Berni Schiefer is an IBM Fellow in the IBM Analytics Group. He is based in San Francisco at the IBM Spark Technology Centre and is responsible for a global team that focusses on the performance and scalability of products and solutions in the Analytics Group, specifically for Big Data technologies including Spark, BigInsights, Big SQL, dashDB, DB2 pureScale and DB2 with BLU acceleration. His passion is in bringing advanced technology to market with a particular emphasis on exploiting processor, memory, networking, storage technology and other hardware and software acceleration technologies.

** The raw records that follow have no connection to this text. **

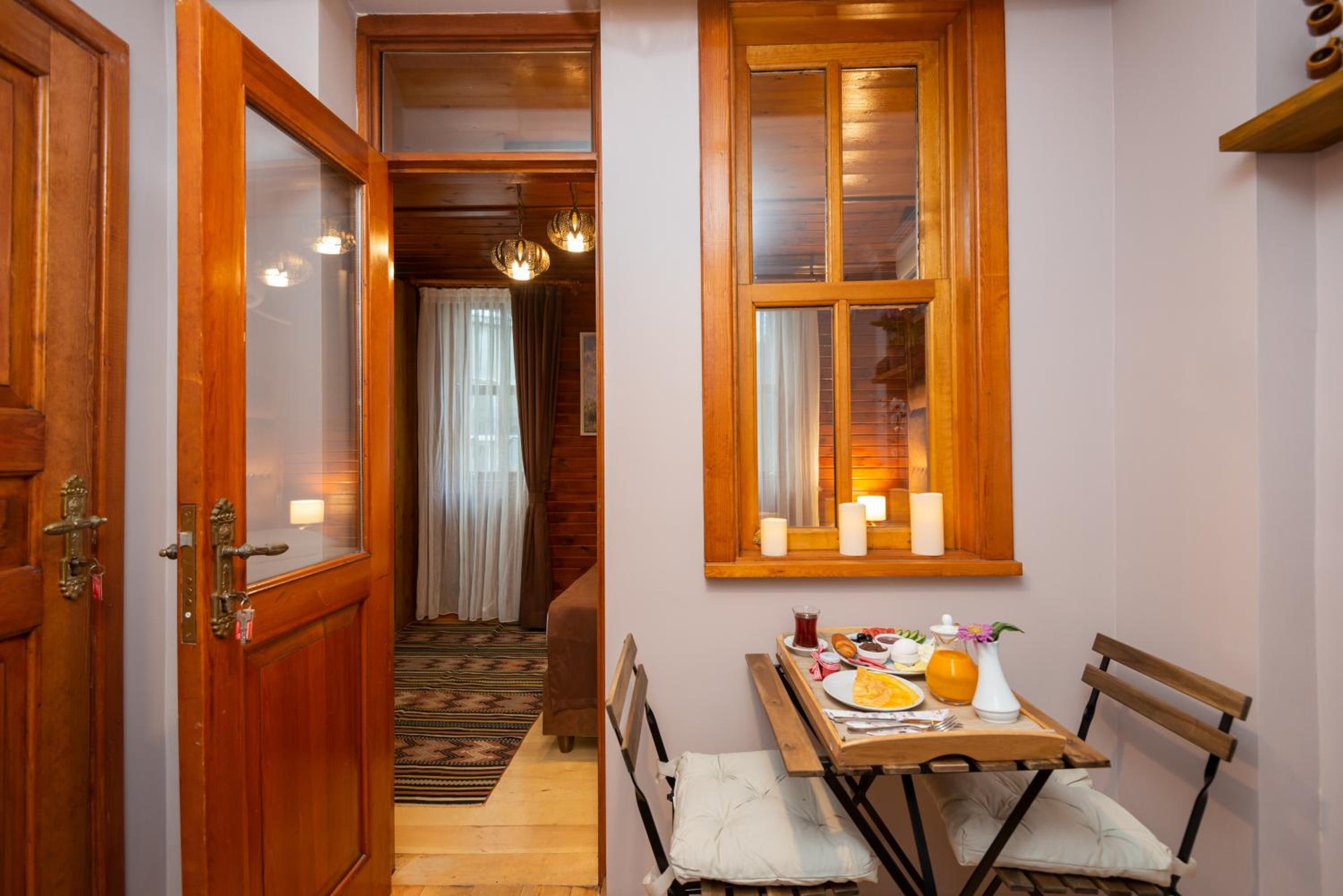 Wonder Wood Otel - Image 47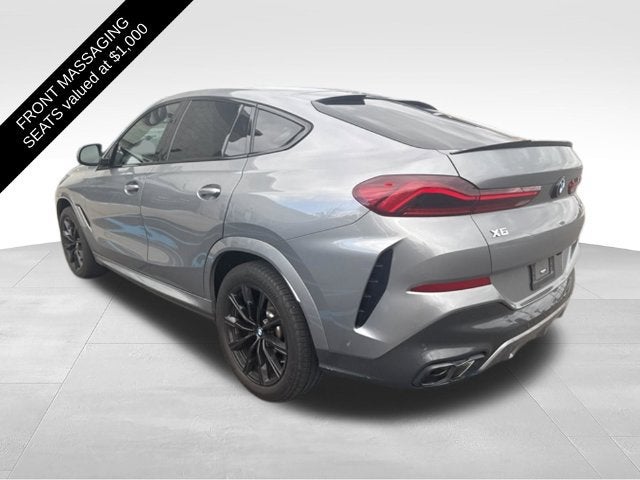 2024 BMW X6 M60i
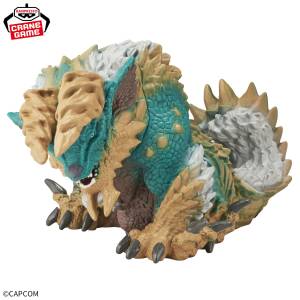 Monster Hunter: Enshrined Beast - Zinogre - Thunder In The Moonlight (Banpresto) [2nd Hand]
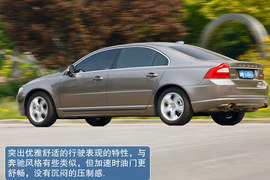 2012款沃尔沃S80L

This talk summarizes the results of using the TPC-DS workload to characterize the SQL capability, performance and scalability of Apache Spark SQL 2.0 at the multi-Terabyte scale in both single user dedicated and multi-user concurrent execution modes. We track the evolution of Spark SQL across versions 1.5, 1.6 and 2.0 to underscore the pace of improvement in Spark SQL capability and performance. We also provide best practices and configuration tuning parameters to support the concurrent execution of the 99 TPC-DS queries at scale. The key takeaways include 1) See the substantial progress made by Spark SQL 2.0 2) Understand what TPC-DS is and why it has become the preferred workload of SQL on Hadoop systems. 3) Experimental results supporting the optimized execution of multi-user, multi-terabyte TPC-DS-based workloads 4) Tuning and configuration changes used to attain excellent performance of Spark SQL.
Spark 2.0 provided strong performance enhancements to the Spark core while advancing Spark ML usability to use data frames. But what happens when you run Spark 2.0 machine learning algorithms on a large cluster with a very large data set? Do you even get any benefit from using a very large data set? It depends. :-) How do new hardware advances affect the topology of high performance Spark clusters. In this talk we will explore Spark 2.0 Machine Learning at scale and share our findings with the community. As our test platform we will be using a new cluster design, different from typical Hadoop clusters, with more cores, more RAM and latest generation NVMe SSD's and a 100GbE network with a goal of more performance, in a more space and energy efficient footprint.